Le géant Aldo, leader sur le marché de la chaussure au Canada, a fait le pari depuis neuf mois d'une nouvelle enseigne nommée Locale. À trois jours de l'ouverture officielle de la boutique phare rue Sainte-Catherine, à Montréal, nous avons rencontré Douglas Bensadoun, l'un des piliers de l'entreprise.

Brun, le regard vert émeraude, fils du fondateur d'Aldo, raconte le projet de l'enseigne Locale: «L'idée de départ était de trouver l'équilibre entre l'art et le commerce, commence le directeur de création et directeur général du marketing du groupe Aldo, c'est-à-dire de vendre une sélection de chaussures multimarques pour femmes et hommes et d'accessoires, dans un cadre où l'art est mis en avant. Dans nos neuf boutiques Locale, au Québec, en Ontario et en Alberta, nous exposons donc un artiste local émergent.»

À Montréal, le choix s'est porté sur les oeuvres photographiques de Jamie Campbell. À Toronto, les oeuvres de Jessica Eaton sont mises en valeur et, à Calgary, ce sont celles d'Amalie Atkins.

À l'issue d'une entente avec le Musée des beaux-arts de Montréal, l'un des 10 artistes présentés en cours d'année chez Aldo décrochera une bourse de 20 000$ et le privilège d'être exposé au nouveau pavillon d'art canadien de l'institution de la rue Sherbrooke Ouest. Locale, nouveau mécène, privilégiant la mise en avant d'artistes prometteurs? Cela y ressemble franchement.

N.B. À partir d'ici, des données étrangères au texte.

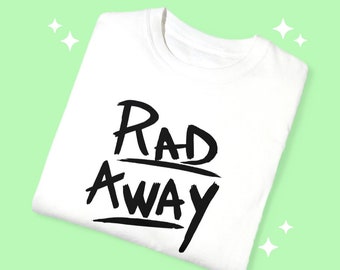 Rad Away Shirt | Funny Pajama Shirt | Comfort Colors | Trendy Retro Punk Aesthetic | Gift For Girlfriend | Gift For Him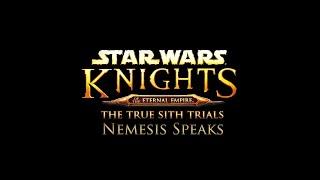 The True Sith Trials - Darth Nemesis' Voice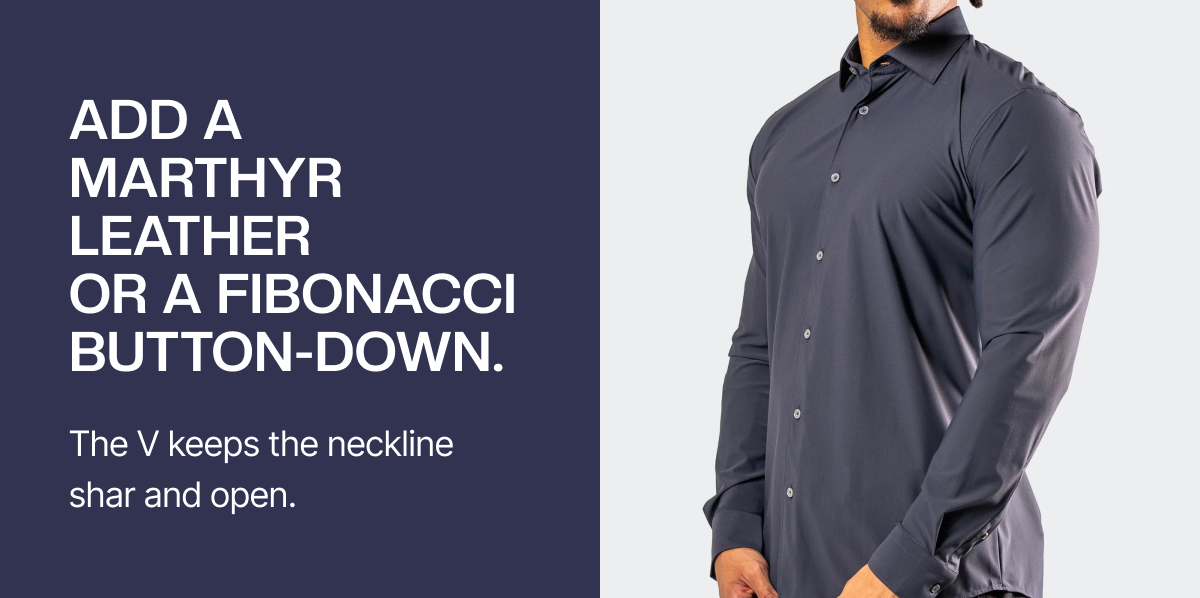 Start with Edison. You should feel smooth fabric, no scratch, no bulk.  Add a Marthyr leather or a Fibonacci button-down. The V keeps the neckline sharp and open.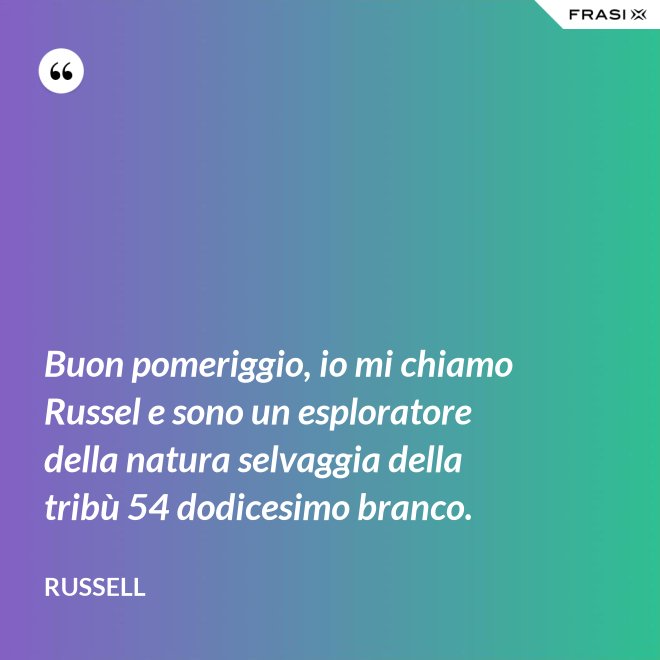 Buon pomeriggio, io mi chiamo Russel e sono un esploratore della natura selvaggia della tribù 54 dodicesimo branco. - Russell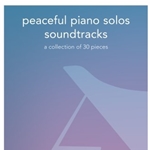 Peaceful Piano Solos: Soundtracks, PS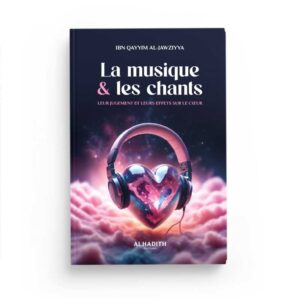La musique et les chants – Ibn Qayyim al Jawziyya – éditions Al Hadith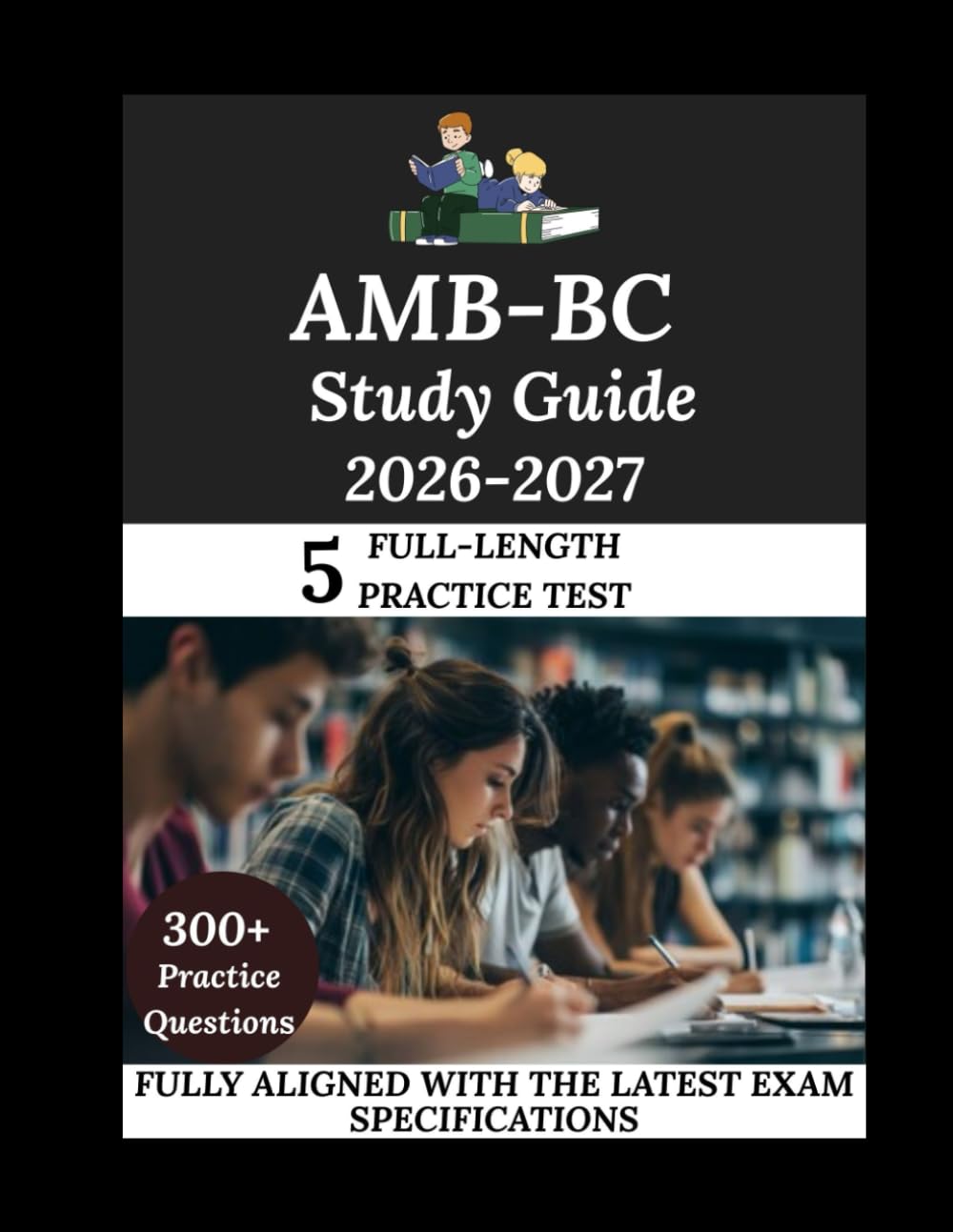 AMB-BC Study Guide 2026-2027: Navigate. Master. Achieve.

Pourtant, rien de muséal dans la boutique du 770, rue Sainte-Catherine O., comme dans toutes les autres d'ailleurs (à Montréal, il y en a deux autres, à la place Montréal Trust et au centre Rockland, et sur la Rive-Sud, on trouve une boutique au Mail Champlain). Ici, il est avant tout question de trouver chaussure à son pied! «C'est une magnifique façon de se démarquer de la concurrence mondiale féroce», analyse Douglas Bensadoun.

Alors, parlons chaussures. Un tour du magasin nous a donné à voir des ballerines de la marque espagnole Pretty Ballerinas, des baskets de chez Lacoste, des Birkenstock, des modèles de Marc By Marc Jacobs... sans oublier la collection éponyme, signée Locale, qui propose une sélection branchée mais sans excès, mode mais pas trop pointue.

Myriam Maguire, responsable du design des produits, explique: «Ici, il n'y a pas de talons qui dépassent six pouces. Le confort domine, ce qui ne veut pas dire que nous ne répondons pas aux exigences stylistiques de la saison. Notre cible, ce sont les 25-55 ans!»

Mais il n'y a pas que ces considérations marketing pour faire vibrer Douglas Bensadoun. Pour lui, cette idée d'un pont à jeter entre commerce et art est primordiale. Il voudrait que son projet soit fédérateur, qu'il permette aux commerçants de comprendre que l'on fait tous partie d'une communauté intellectuelle et artistique. Pour promouvoir cette façon de voir les choses, il a adopté plus d'une stratégie: outre les photos exposées au mur de la boutique, il y aussi ce coin salon où l'on peut symboliquement prendre place quelques minutes pour faire circuler le regard, ou encore un mur qui fait office debabillard communautaire. Autant de symboles venant nourrir le concept avec, en point d'orgue, le magazine semestriel maison intitulé L, grand format, papier épais, mettant en avant la communauté artistique établie ou émergente de Montréal. Le tout dirigé artistiquement par Reanna Evoy, ancienne du magazine En Route, qui travaille main dans la main avec Douglas Bensadoun.

«Ma passion est de travailler avec des artistes», souligne M. Bensadoun, qui n'en est pas à sa première collaboration avec eux. Aldo a ainsi déjà fait appel au photographe très sulfureux Terry Richardson pour une campagne mettant en vedette le mannequin Jessica Stam. Un choix un peu risqué qui n'a eu que du bon, raconte M. Bensadoun. «Quand notre choix s'est porté sur lui, il y a trois ans, c'était au moment où son style personnel devenait acceptable par la masse tout en étant respecté par l'élite, c'était le parfait timing. Il a permis aux gens de comprendre qui nous sommes vraiment dans l'entreprise, des gens cool!»

Une perception qu'Aldo compte bien entretenir.